For the third time in less than a year, Israeli entrepreneurs have proved they can build a company worth around $1 billion. Within a few months last year, Google bought Waze for $1 billion, Wix went public and achieved a market value of just over that amount, and now Viber has been sold for $900 million.
Last week Google overtook Exxon Mobil to join Apple at the top of the list of the world’s most valuable companies. The last time two tech firms topped the list was in March 2000, as the Nasdaq briefly crossed 5,000 points before beginning a painful plunge ending two and a half years later at 1,200.
Could Rakuten’s acquisition of Viber turn out to be the height of another bubble? Viber has become a very strong consumer brand, but is it even worth $100 million, let alone $900 million?
For a sane board of directors to approve such an expense, it needs a very creative imagination. It also needs the vision to see how the new acquisition can help break into more markets, sell more products to existing customers and integrate into a moneymaking product line.
Goldman Sachs, Viber’s investment bank, did a great job of persuasion for the company, which has no revenue to speak of, much less profit. This means the $900-million valuation is based on estimated value per user compared to that of similar applications. Viber’s sellers convinced Rakuten that at $9 per user, the Israeli company was a bargain compared to WhatsApp’s $26 and Twitter’s $134.
Bankers’ habit of valuing a company by comparing it to similar firms harks back to the tech bubble, when more conventional measurements were harder to come by. Company values got inflated.
Now that money is being poured into technology stocks, this problematic pricing method is back in fashion. Over the past year many hot Internet stocks have more than doubled to record highs, including Twitter, Netflix, Yelp, TripAdvisor and even the great Facebook. The valuations of many Internet stocks are based on very optimistic forecasts, perhaps too optimistic.
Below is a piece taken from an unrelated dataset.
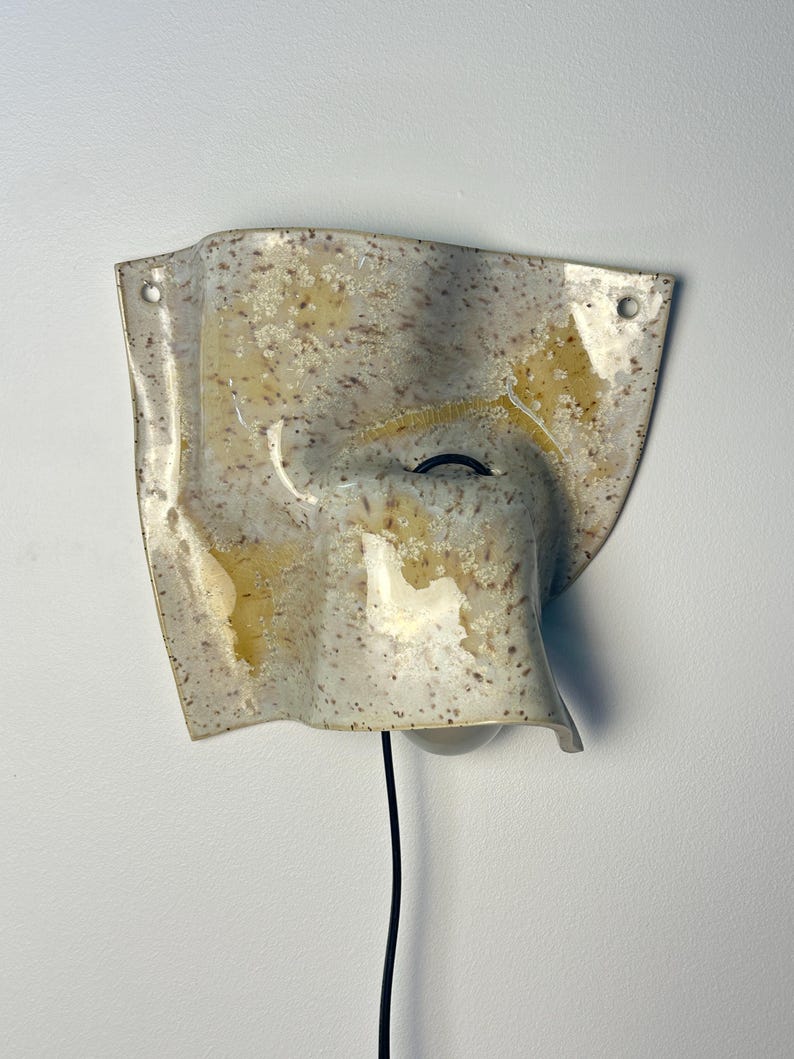 May include: A wall-mounted ceramic light fixture with an irregular, wavy, and folded shape. The surface is off-white with brown speckles and translucent yellow glaze patches. It features two circular mounting holes and a black power cord.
The fact that Rakuten is pursuing an extremely aggressive acquisition strategy, buying pretty much whatever comes its way at any price, also helps explain the Viber deal. Rakuten isn’t Google, sitting on an enormous cash pile and buying Waze in order to keep a bitter rival like Facebook from encroaching on a strategic area. Rakuten’s conduct is more like that of another Japanese company, SoftBank, which in the 1990s was desperate to join the dot-com frenzy.
There are many good reasons for the recent shift, and I’m not predicting the rise of another tech bubble. But the signs are there, and the Rakuten-Viber deal is one of them.